[Referring expression grounding data]
#####

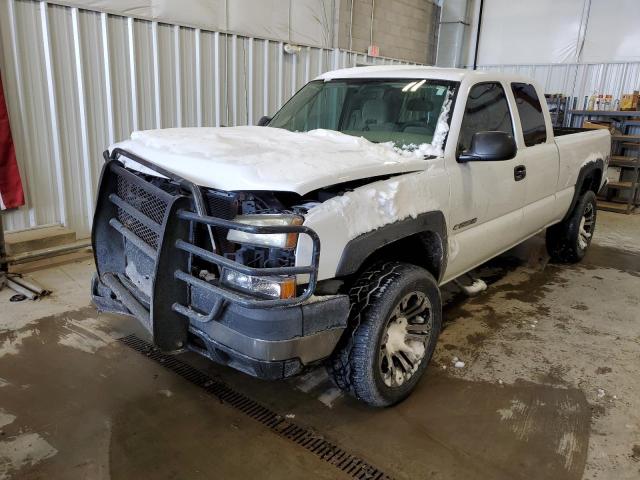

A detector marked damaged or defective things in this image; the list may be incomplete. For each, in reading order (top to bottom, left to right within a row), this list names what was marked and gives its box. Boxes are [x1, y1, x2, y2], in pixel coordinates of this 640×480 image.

front bumper damage [92, 150, 348, 378]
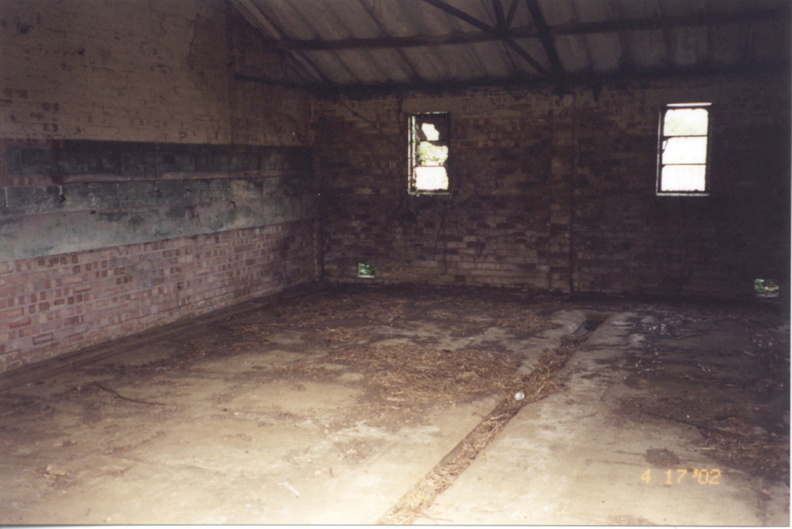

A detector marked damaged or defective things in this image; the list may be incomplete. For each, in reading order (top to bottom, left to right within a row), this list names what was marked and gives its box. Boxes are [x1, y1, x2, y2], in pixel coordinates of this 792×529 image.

broken window [412, 113, 448, 194]
broken window [656, 102, 712, 195]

#####

» **PROBLEM STATEMENT**
Each entry is to be returned precisely as it appears, but the pictures are to be dropped.

» **RESPONSE TO THE TASK**
A detector marked damaged or defective things in this image; the list may be incomplete. For each, in reading order (top to bottom, left to right within a row), this list names what was marked and gives its box. Boxes are [x1, y1, x2, y2], in pixel coordinates of this 640×480 image.

front bumper damage [92, 150, 348, 378]

A detector marked damaged or defective things in this image; the list may be incomplete. For each, in reading order (top to bottom, left to right within a row), this list names what was marked and gives its box. Boxes are [x1, y1, x2, y2], in pixel coordinates of this 792×529 image.

broken window [412, 113, 448, 194]
broken window [656, 102, 712, 195]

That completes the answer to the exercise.